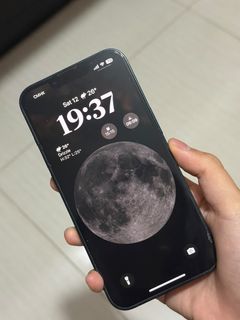 （分類：）位於 。 由 nxs9pf77tf91941 提交（商品編號 1462172838，圖片 1）。簡介： 。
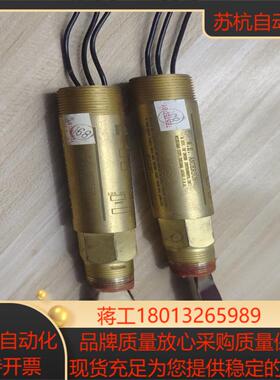 V6EPB-B-S-6-0-MT德威尔Dwyer开关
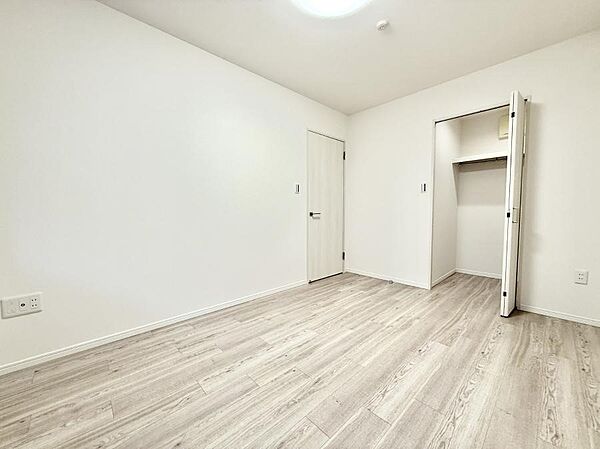 ■落ち着いた雰囲気のお部屋で心が安らぐ空間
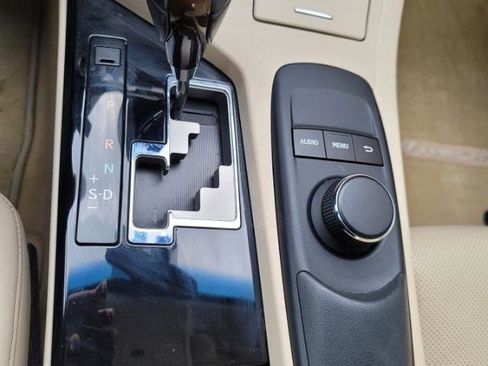 Used 2013 Lexus ES 350 image 22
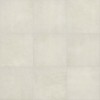 Windmere Scottish White 12×12 Field Tile Matte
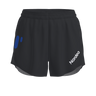 Lead 2.0 Shorts Women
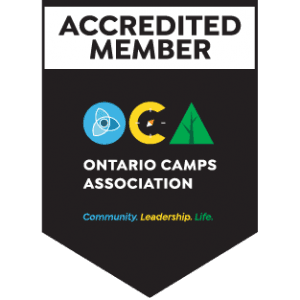 https://ontariocampsassociation.ca/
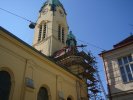 Kostel Neposkvrněného početí Panny Marie v Brně (Křenová ulice)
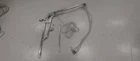 Forespar Nova Davit - Single With Bent Second Used. Price: $950.00.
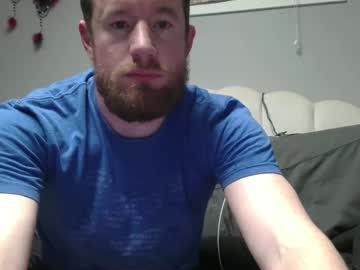 Justformeandmyself1234 March 21, 2025 Chaturbate stream image
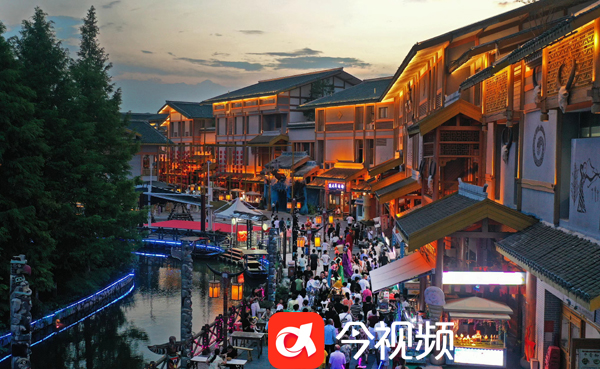 微信图片_20230824150940 拷贝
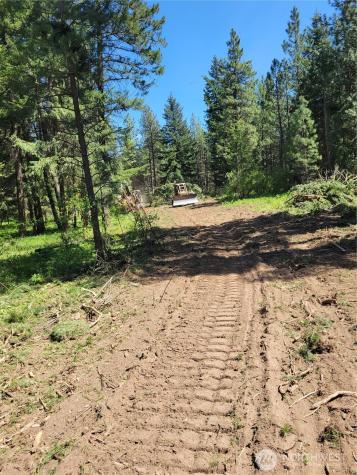 10 Summit View At Wallace Ranch Cle Elum WA 98922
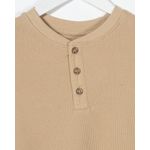 Bluza-cu-nasturi-si-maneca-lunga-pentru-baieti-23ITT64015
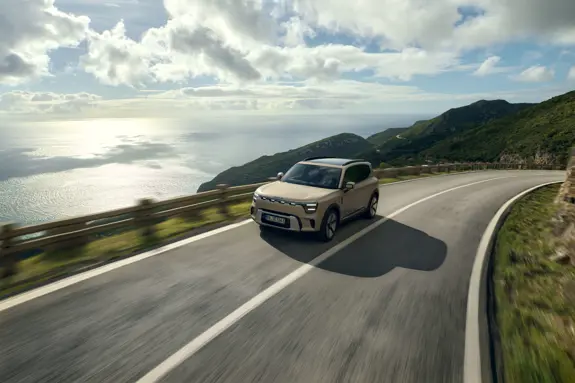 30 Smart Hashtag5 Premium Car Only Dynamic Cliff Srgb 30 Smart Hashtag5 Premium Car Only Dynamic Cliff Srgb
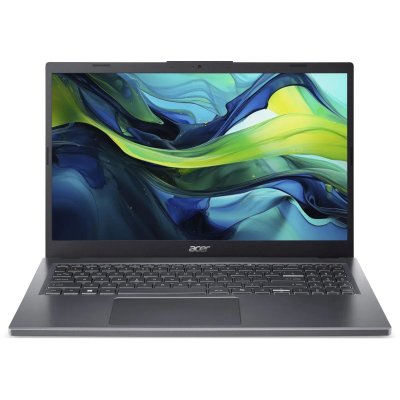 Acer Aspire 15 A15-51M-959S-winpro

⁂

**Task details**
The expected result is every record above, word for word, with no pictures in it.

**Answer section**
 （分類：）位於 。 由 nxs9pf77tf91941 提交（商品編號 1462172838，圖片 1）。簡介： 。
 V6EPB-B-S-6-0-MT德威尔Dwyer开关
 ■落ち着いた雰囲気のお部屋で心が安らぐ空間
 Used 2013 Lexus ES 350 image 22
 Windmere Scottish White 12×12 Field Tile Matte
 Lead 2.0 Shorts Women
 https://ontariocampsassociation.ca/
 Kostel Neposkvrněného početí Panny Marie v Brně (Křenová ulice)
 Forespar Nova Davit - Single With Bent Second Used. Price: $950.00.
 Justformeandmyself1234 March 21, 2025 Chaturbate stream image
 微信图片_20230824150940 拷贝
 10 Summit View At Wallace Ranch Cle Elum WA 98922
 Bluza-cu-nasturi-si-maneca-lunga-pentru-baieti-23ITT64015
 30 Smart Hashtag5 Premium Car Only Dynamic Cliff Srgb 30 Smart Hashtag5 Premium Car Only Dynamic Cliff Srgb
 Acer Aspire 15 A15-51M-959S-winpro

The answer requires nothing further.